An incentive trust appeals to you. Your two children are very different. While your daughter is well-grounded and you have no doubt she will spend her inheritance wisely, your younger son is far different. He has always spent money quickly and made frivolous purchases that you did not approve of.
When it was his own money, that was one thing. When it becomes your money, that’s something else entirely. You worry that he’ll end his own career and spend years wasting what you worked so hard to earn. You want to set up an incentive trust so that he only gets his inheritance by hitting milestones: graduating from college, starting a company, earning a certain amount per year. If he works hard, he gets more. You must keep him motivated in a way your daughter does not need.

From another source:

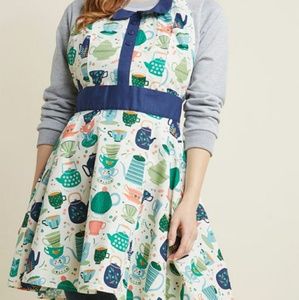 Adorable teapot print apron- FREE w/$100 purchase!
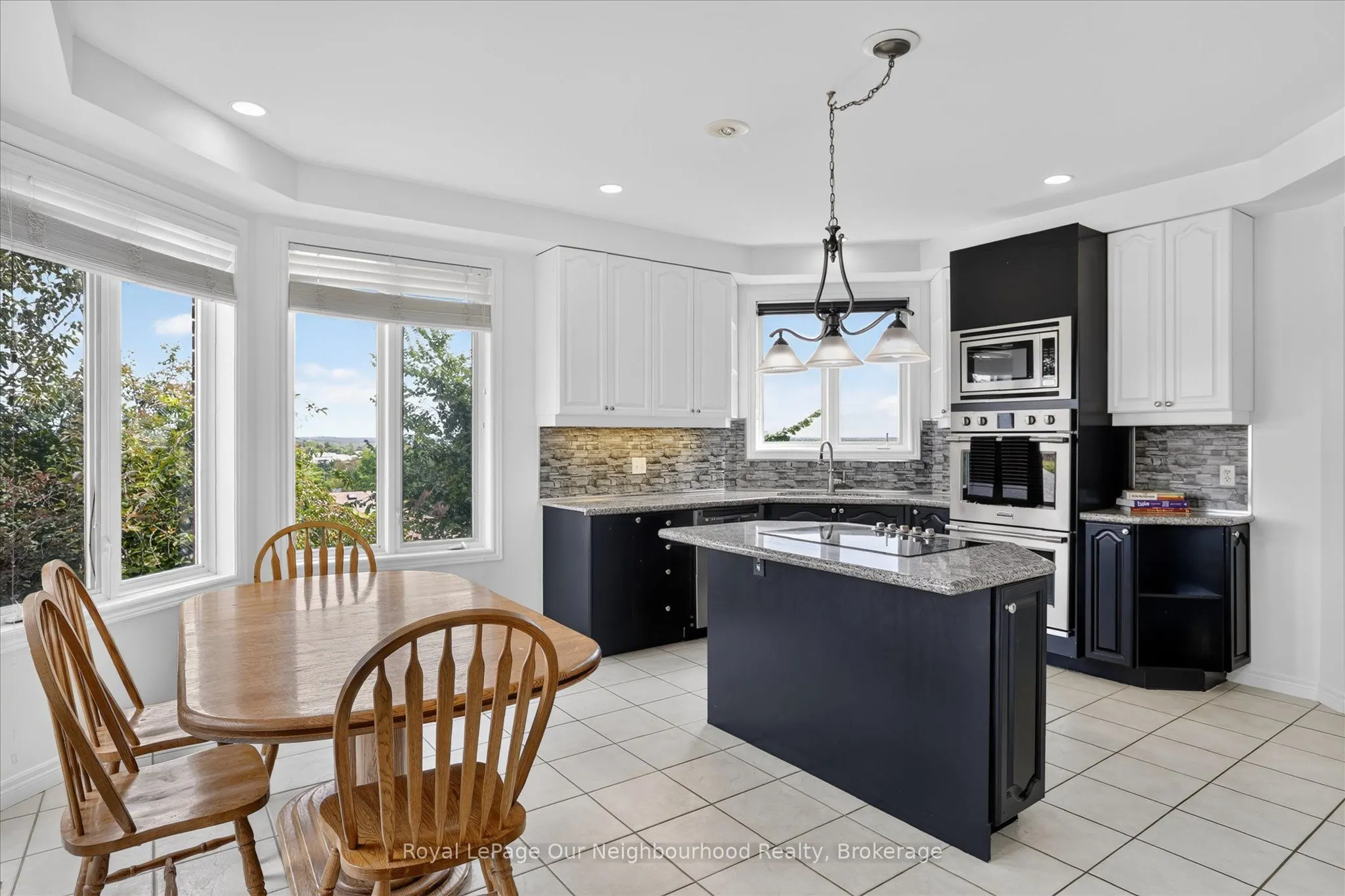 1072 Silverdale Road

Below are some pros and cons to consider:
You can encourage wise spending. An incentive trust that pays at graduation gives him a way to pay off student loans instantly. He’ll be motivated to finish up his degree and not drop out, knowing he won’t have any debt if he does so.

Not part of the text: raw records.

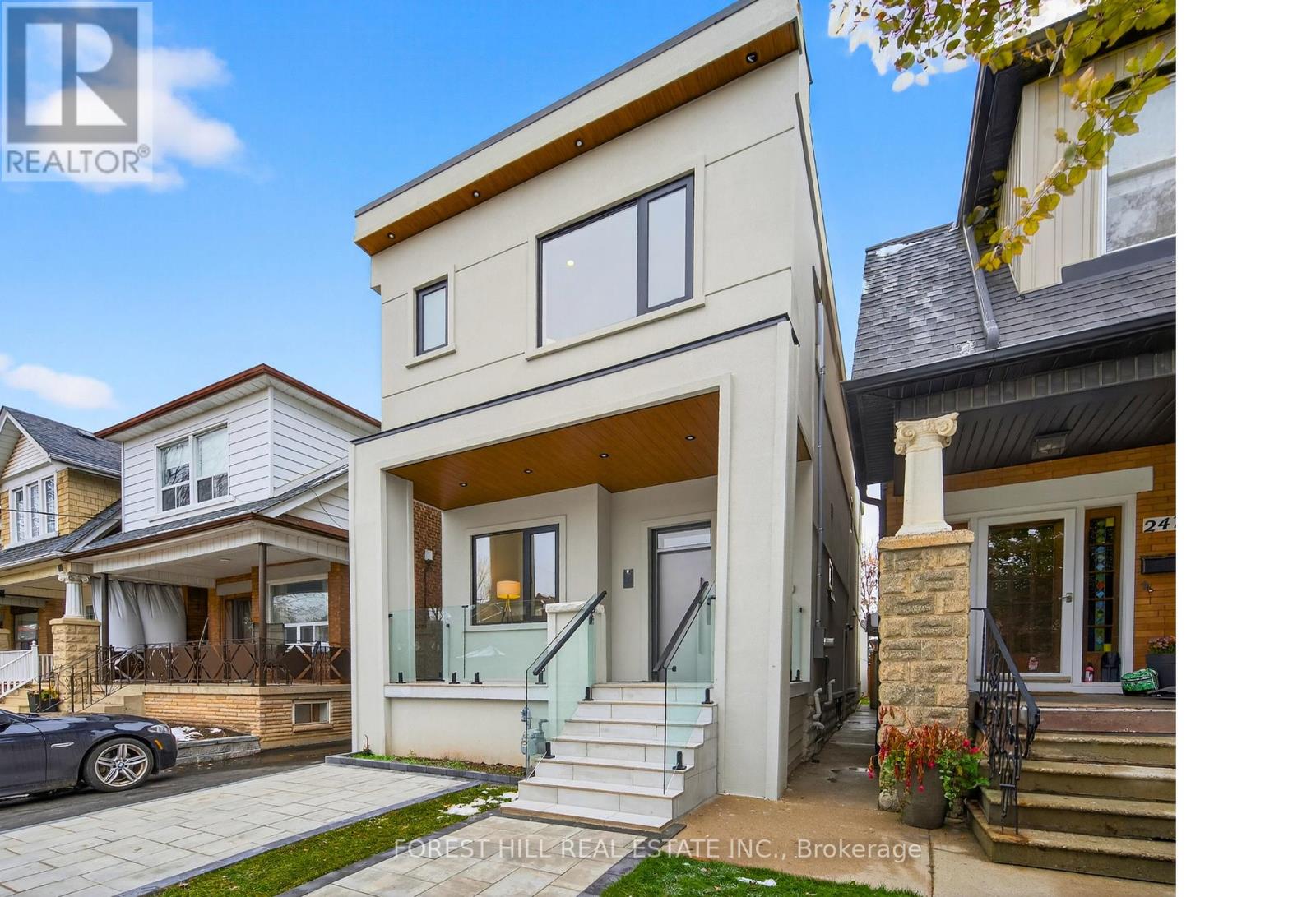 MLS® listing #29106268 for sale located at 249 LAUDER AVENUE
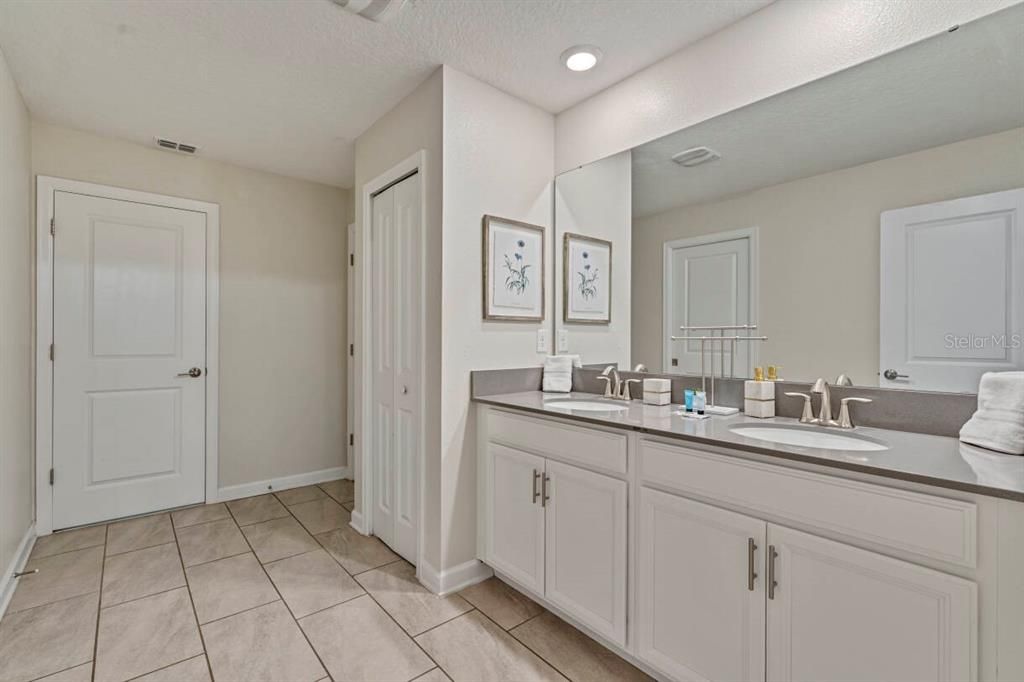 待售: $1,200,000 (8 贝兹, 5 浴室, 4289 平方英尺)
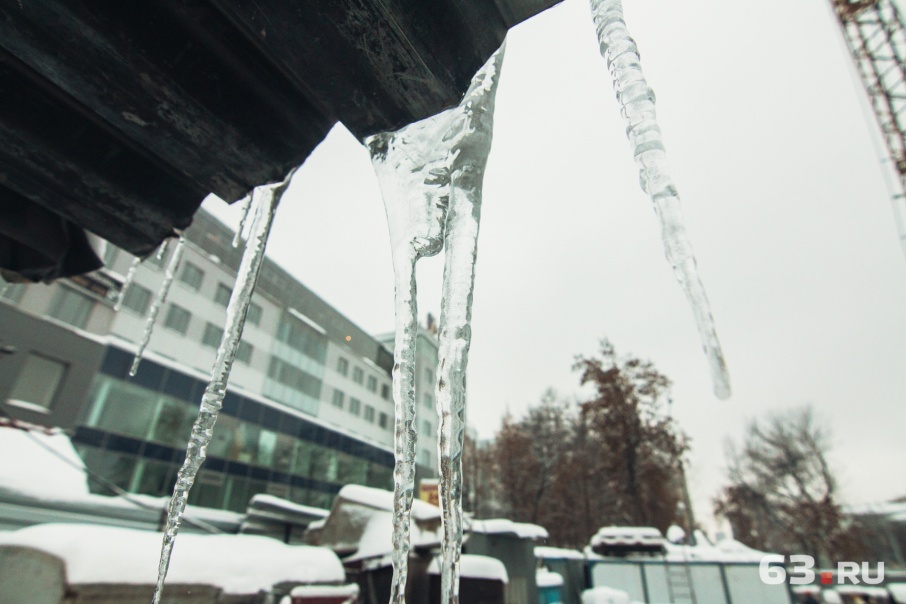 В Самаре две управляющие компании оштрафуют за снег и наледь на крышах
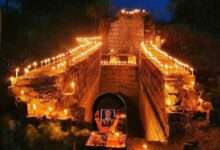 ऐतिहासिक बारवेवर दीपोत्सव करत मल्हारराव होळकर यांची जयंती साजरी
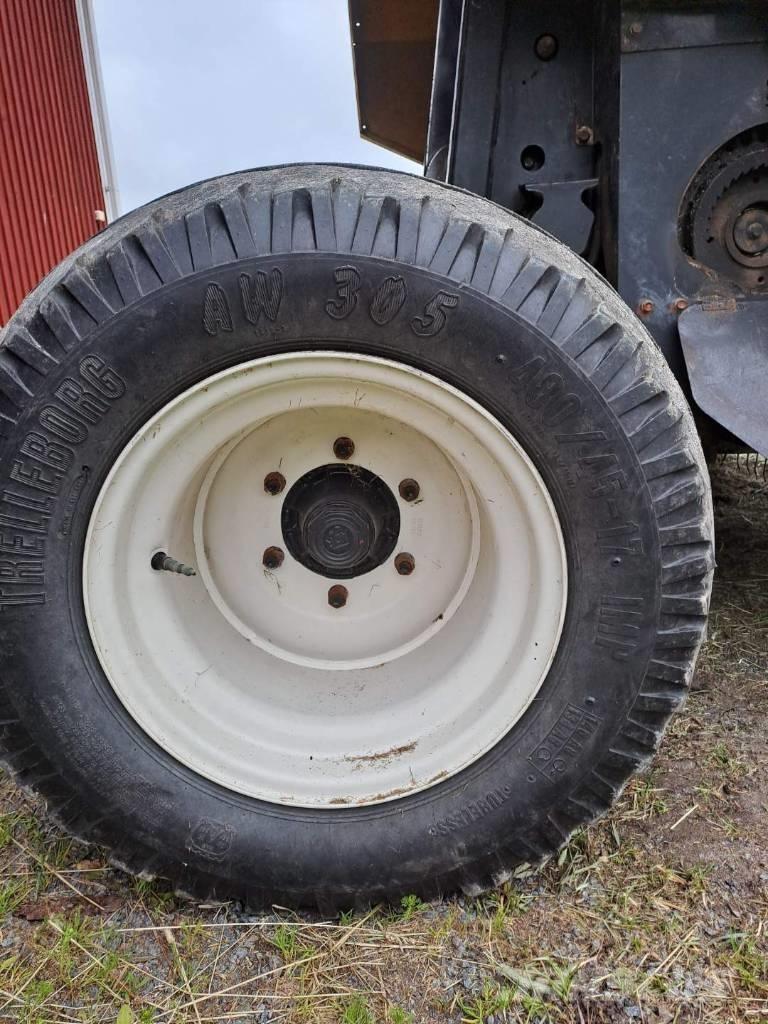 New Holland BR 7060 Prese/balirke za rolo bale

You can keep him working. Connecting his annual payouts to his salary means he has to have a job. He’s not just going to “retire” at 29 years old. He’s going to work. Plus, the more he earns and the harder he works, the more the trust pays out.
You can promote healthy lifestyle choices. For instance, if you worry about drug and alcohol use, you could make it so that the trust pays out if he’s never arrested for a DUI or marijuana possession. If he is, he forfeits the money for that year. Money is a great motivator in all areas of life.

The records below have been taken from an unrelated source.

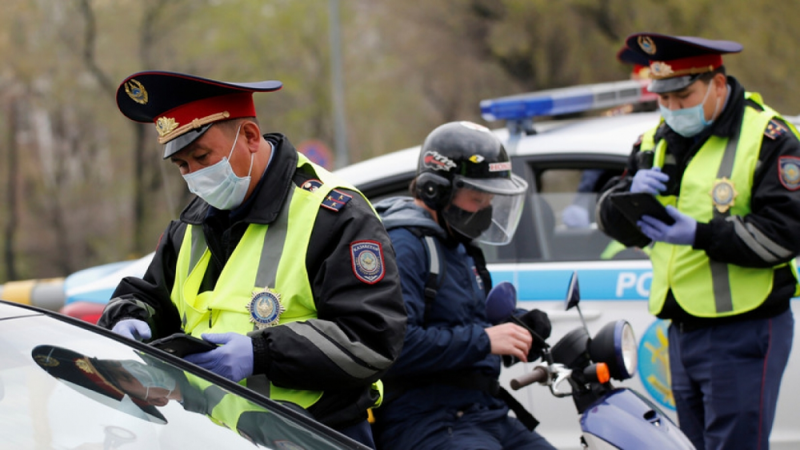 Когда полицейские имеют право проверять содержимое телефона?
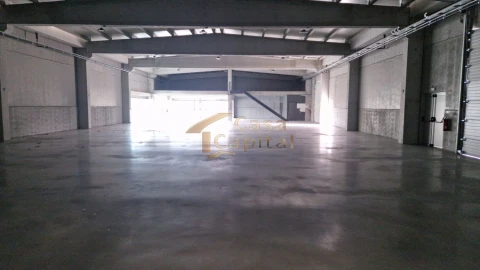 Loja para Arrendamento em Constantim e Vale de Nogueiras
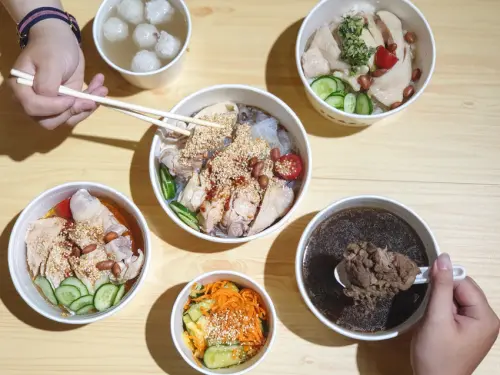 高雄美食||虎爺雞飯-夏天來份海南雞與口水雞飯，雞肉鮮嫩又清爽||左營區、海南雞飯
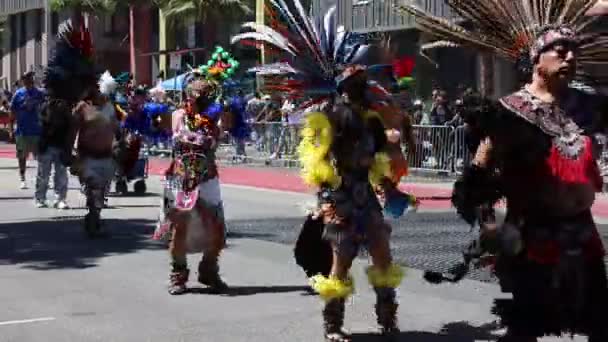 202022 San Francisco California Carnaval San Francisco Desfile Bailarines — Vídeos de Stock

Your son may resent you. After all, you are quite literally trying to control his life even after you pass away. He may especially be resentful if you leave your daughter a lump sum, knowing that she does not need the incentive trust. Siblings desperately want things to be fair, even if it’s not what is best for them.
You may also set up incentives that prove to be impossible. You need to take all potential life changes into account. For instance, if you tie the payouts to his salary and then he suffers an injury that makes it impossible for him to work, do the payouts stop? You may say “of course not,” and that’s fine, but you must make sure the trust really reflects your wishes.
Incentive trusts are not for everyone. However, they can be helpful, and this shows you why it’s so important to consider all of your options.